Damian Keeling, Managing director, Perspective Financial Group
In the last two years, there has been a considerable discussion in the market as to whether there will be another round of consolidation. The change in economic climate brought a sudden halt to many consolidation plans as loan capital dried up and a number of consolidators’ business models proved inadequate.
However, the underlying structural issues that created the consolidation climate have not changed and there are now emerging a small number of IFA consolidators. Each consolidator will be acquiring firms using a different model. For IFA firms looking seriously at the consolidator offering, it is important to acknowledge that there are many different service propositions and to make sure they conduct their homework on each one.

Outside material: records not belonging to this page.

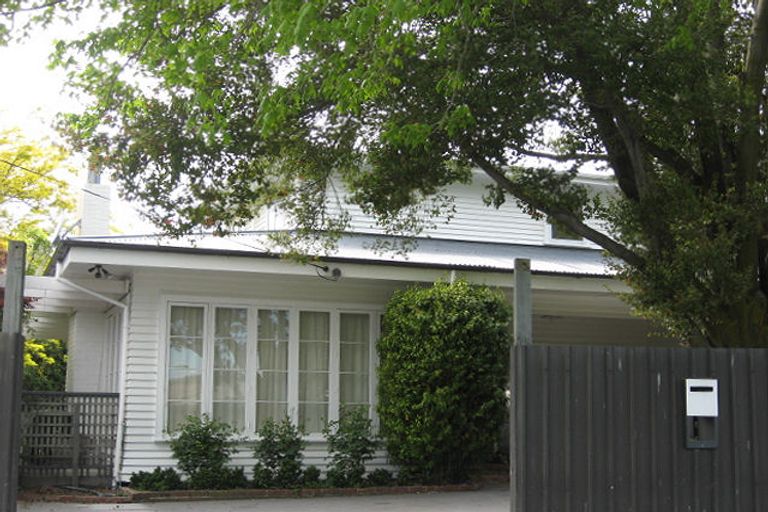 Photo of property in 21 Howick Road, Blenheim, 7201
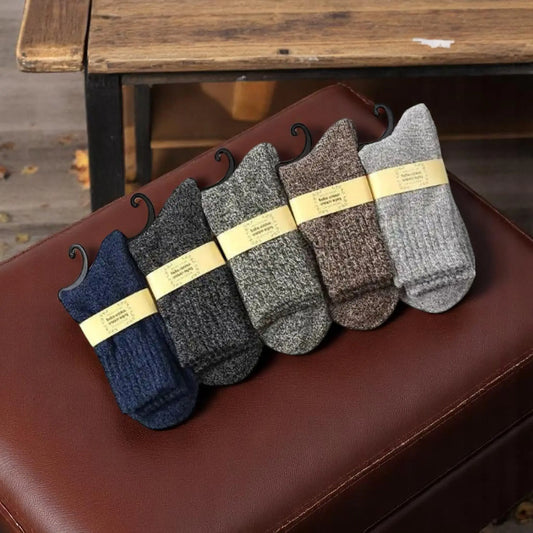 Ensemble de 5 paires de chaussettes chaudes pour homme accrochées avec étiquettes.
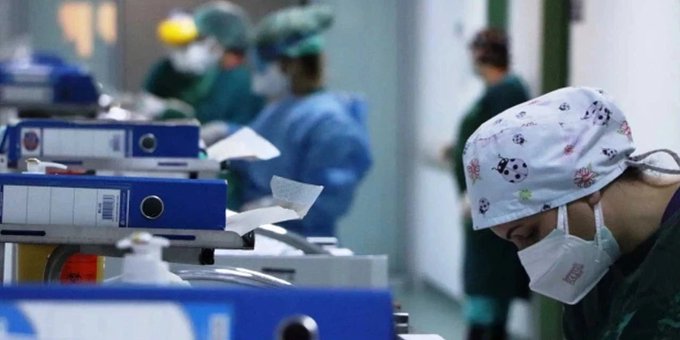 Sağlık Bakanı duyurdu: 18 bin yeni sağlık personeli alınacak 1 Sağlık Bakanı duyurdu: 18 bin yeni sağlık personeli alınacak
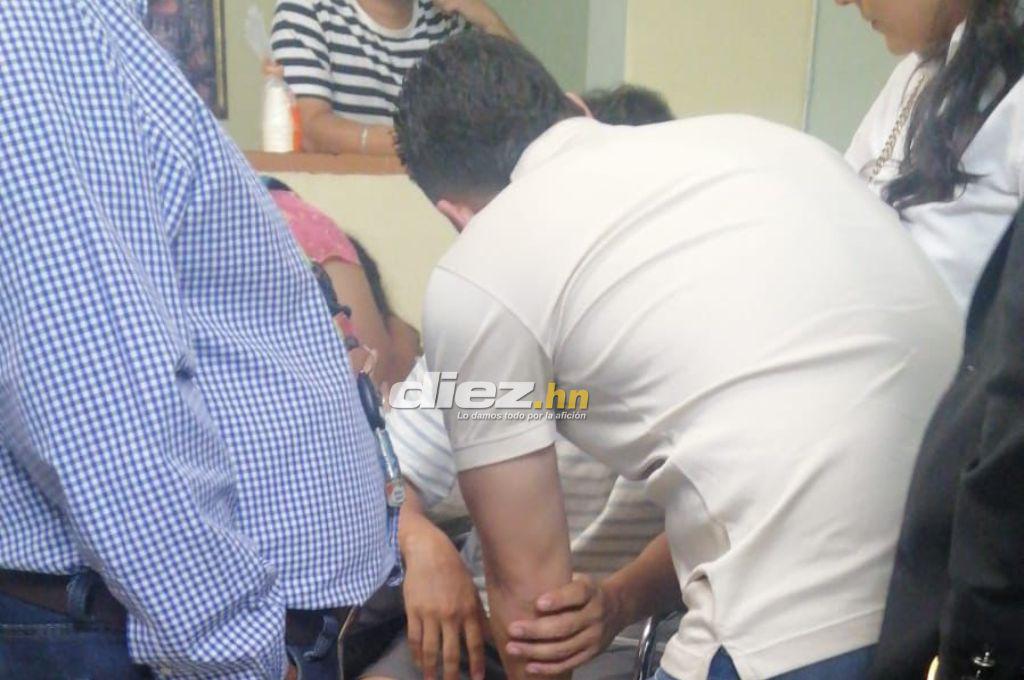 ¡Duro Momento! Rubén Matamoros es acompañado por sus familiares y amigos en el velatorio de su hijo menor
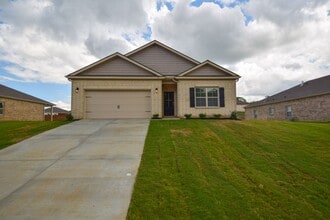 Building Photo - 425 Lilly Dr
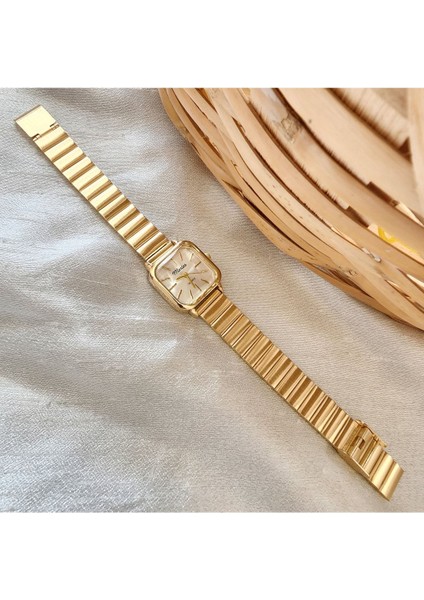 Retro Kadın Kol Saati, Vintage Tasarım, Minimal Tasarım, Gold Rengi Metal Kordon
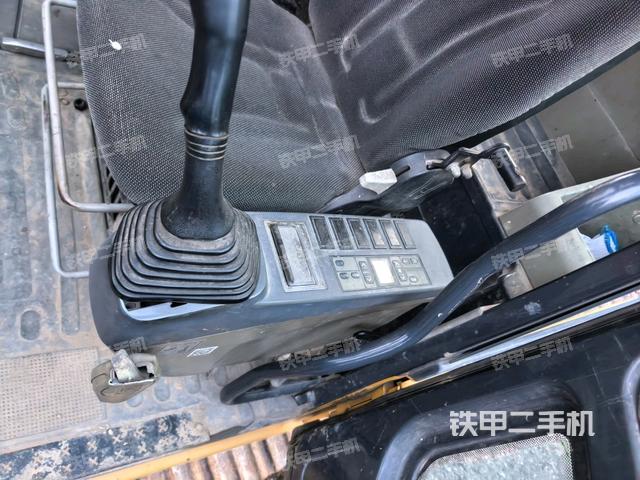 行走控制手柄和踏板 俯拍（驾驶室部分）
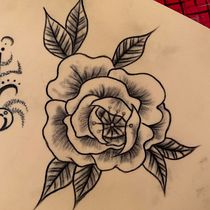 My project in Tattoo for Beginners course. Un progetto di Design di tatuaggi di jsdwolfe - 25.06.2021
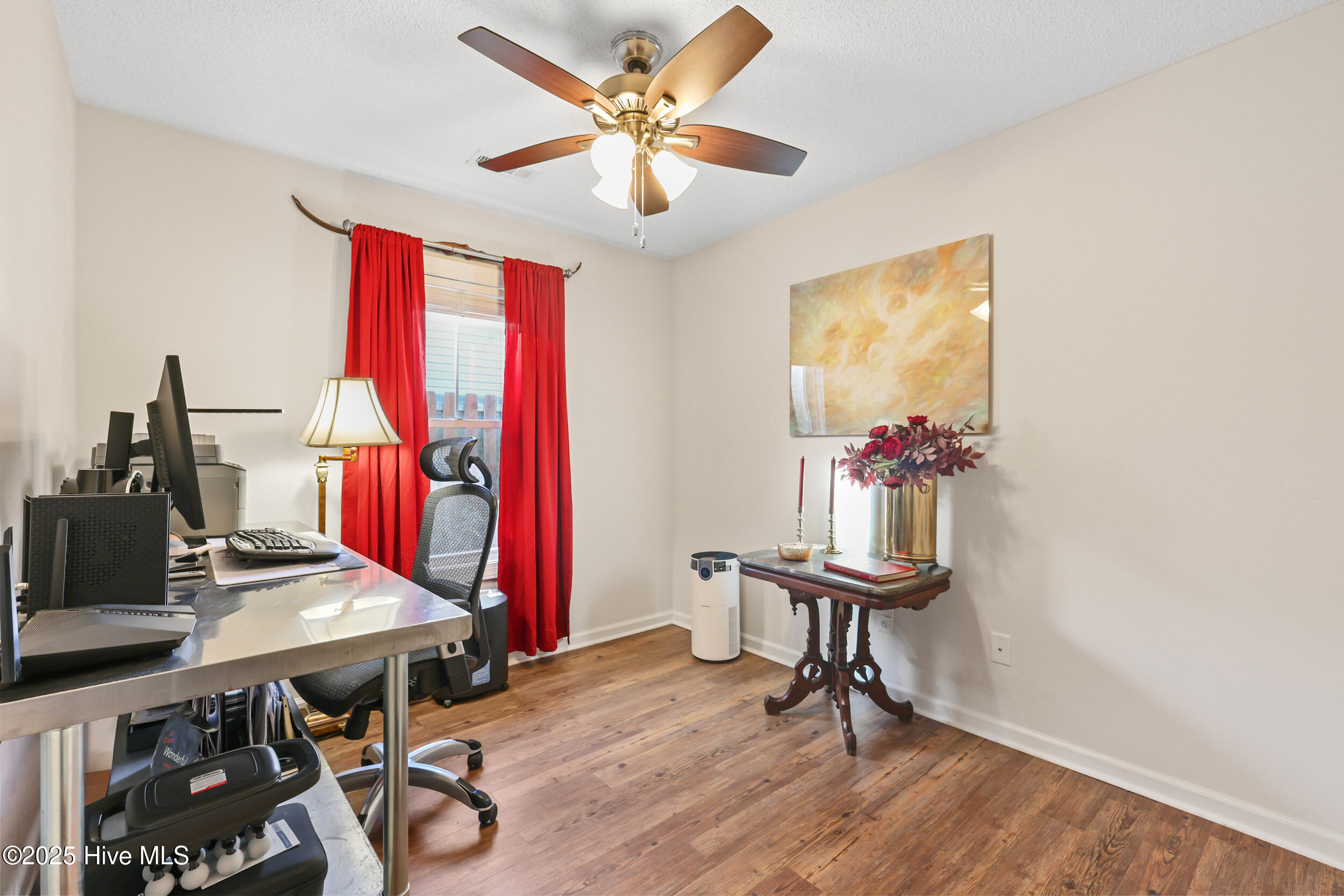 100545258 | Photo 10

Many in the market will believe that consolidation has failed in the past and is therefore destined to fail again. We believe these failures have stemmed from misguided aims and ambitions. Even today, there are consolidators in the market which are principally focused on the number of RIs within firms or that are targeting IFA firms based on their turnover. We would be surprised if these models were successful.
There are consolidators in the market that are focused on the numbers of RIs or are targeting IFA firms based on turnover
The FSA recently asked those IFA firms which are contemplating going down the consolidator route to think seriously about it. The regulator is concerned about the placing of IFAs’ clients’ assets onto a consolidator’s investment platform or even investment vehicle. It has reminded the individual firms that they must retain full responsibility for complying with all their regulatory obligations’. Clearly, there is a potential TCF issue here, plus a threat to the integrity and independence of the IFA’s advice.
We believe it is illogical to acquire a well-run, successful firm, only to then set about fundamentally changing all aspects of that business. We take a hands-off approach but provide a variety of services. We want our group firms to concentrate on what they do best, providing quality advice to an ever-expanding client base. Many of the firms we acquire harbour ambitions to grow and acquire firms/client databases themselves and our strong funding position allows them to fulfil these ambitions.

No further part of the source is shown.